* EXERCISE DATA *

+-------+

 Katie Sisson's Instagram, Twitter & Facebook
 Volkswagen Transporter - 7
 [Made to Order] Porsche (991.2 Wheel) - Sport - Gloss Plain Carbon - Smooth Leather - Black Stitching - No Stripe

+-------+

* PROBLEM STATEMENT *
Copy exactly. The range runs from the line containing "Volkswagen Transporter - 7" through the last line of the data.

* RESPONSE TO THIS EXERCISE *
 Volkswagen Transporter - 7
 [Made to Order] Porsche (991.2 Wheel) - Sport - Gloss Plain Carbon - Smooth Leather - Black Stitching - No Stripe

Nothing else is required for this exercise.